Here the proposal gets a little opaque.  The disclosed information will be considered by a newly appointed committee which will render judgments on the ability of the individual to serve on the IPCC.  This committee will apparently work in secret and its deliberations will not be made public, and nor will the disclosures.  This is problematic.  The IPCC will not solve its transparency problems by creating a star chamber deeper in its bureaucracy.

In 2009 the Bipartisan Policy Center issued a report on scientific committee empanelment (PDF here, on which I served) and explicitly addressed this issue.  We sought to maintain a balance between the need for public transparency and the privacy of individuals.  Here is what we said in that report:
Not only the government, but also the public needs more information to determine whether a conflict or bias exists and has been appropriately handled. To build public trust through transparency, much more information on federal advisory committee members needs to be available than is now the case.

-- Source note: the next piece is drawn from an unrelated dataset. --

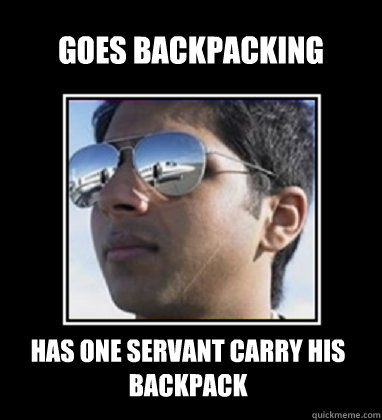 Goes backpacking has one servant carry his backpack  Rich Delhi Boy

Obviously, a balance must be struck between the value of public information and privacy concerns. And public disclosure must not be so extensive that it greatly reduces the number of scientists willing to serve on committees. Federal agencies should monitor whether new requirements are making it harder to attract committee members. But disclosure is becoming more routine – in scientific journals and at universities, for example – and the government should not be a last bastion of secrecy.

One possibility would be for federal agencies to make publicly available all the information on a panelist’s disclosure form except the precise dollar amounts of their stock holdings or compensation and any information on the finances of their spouse or dependent children. At the same time, the agency would disclose the member’s educational background and scientific credentials. Ideally, all of this information would be released when committee members’ names were put up on the Web for public comment.
A second weak spot  in the proposal is that it relies entirely on self-disclosure.  The policies have no contingency for false, incomplete or misleading reporting.  This creates risks for both the organization and its participants.  Because the disclosures are not released in any manner to the public, there is every incentive for participants to under-report potential conflicts.

The IPCC can deal with this in part by publishing a public version of the the disclosure forms (e.g., without specific financial information but with institutional relationships intact).  At a minimum, participants should be required to attest that their self-disclosure is accurate and if it is determined to be inaccurate, this would disqualify the individual from participating in the IPCC.  Absent some sanction for filing a misleading or incorrect disclosure form, the procedure risks becoming a formality with little meaning.  Having served on NRC committees in the past I have seen unsanctioned self-disclosure in action.

Finally, the IPCC is silent on what to do with current participants who are in violation of the guidelines for conflicts of interest in this proposal.  As might be expected of an organization that has operated for several decades with no COI policies, such conflicts are rife in the organization, including its leader Rajendra Pachauri who has a wheelbarrow full of actual and potential conflicts.  How will the proposal be phased in?

The IPCC should be commended for taking the recommendation of the InterAcademy Council seriously.  We should be encouraged by the IPCC's initial steps forward on this issue, and the organization should be encouraged to keeping moving in the right direction.  At the same time, its work on this topic is not done yet, it has only just begun.